Core concepts

Soul

A Soul is the written constitution of an AI employee. Values, voice, decision rules, things they refuse to do. One markdown document, stored on AIEmployee.soulBody.

Why not just a prompt?

A system prompt tells a model how to act for one conversation. A Soul tells this specific employee how to act forever — across every conversation, every routine, every handoff. Treat it like a job description, not a chat instruction.

What belongs in a Soul

  • Identity. Who they are. Role, scope of authority, who they report to.
  • Voice. How they write. Concrete or theatrical? Short or thorough? Polished or first-person?
  • Decision rules. Heuristics the employee applies when something is ambiguous. Prefer shipping a draft over polishing a blank page.
  • Refusals. The explicit list of things they will not do.
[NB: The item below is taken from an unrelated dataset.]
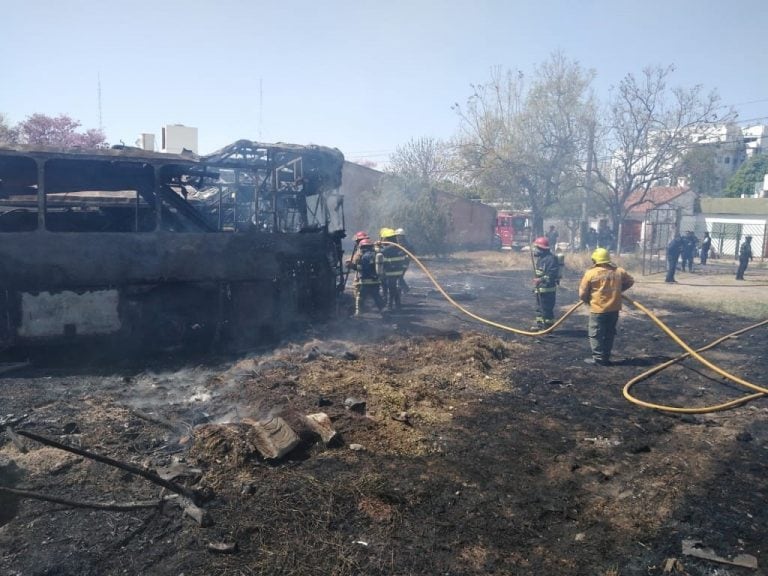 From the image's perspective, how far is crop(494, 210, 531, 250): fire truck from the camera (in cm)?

Never promise features that haven't shipped.

What doesn't belong

  • Step-by-step procedures. Those go in Skills.
  • Schedules and one-time tasks. Those go in Routines.
  • Credentials, tokens, secrets. The Soul is plain text on the DB row. Use Integrations instead.

A short example

markdown
# Alex Brand
Senior brand writer for an open-source company.

## Voice
- Concrete over clever. Real sentences, no marketing jargon.
- Shorter is braver. If a paragraph can be a sentence, make it one.
- Write like an engineer who shipped the feature would write about it.

## Decision rules
- When in doubt, link to the code or the changelog.
- If a claim cannot be verified from public artifacts, cut it.

## Never
- Promise features that haven't shipped.
- Use the word "leverage" as a verb.
- Reuse a phrase that already appears in last week's digest.

Editing it

The in-app Soul editor renders markdown with a live preview pane. ⌘S saves. Every save replaces the body — there's no soft history today, so if you want diffs, commit the rendered text outside the app (most teams paste it into a private repo).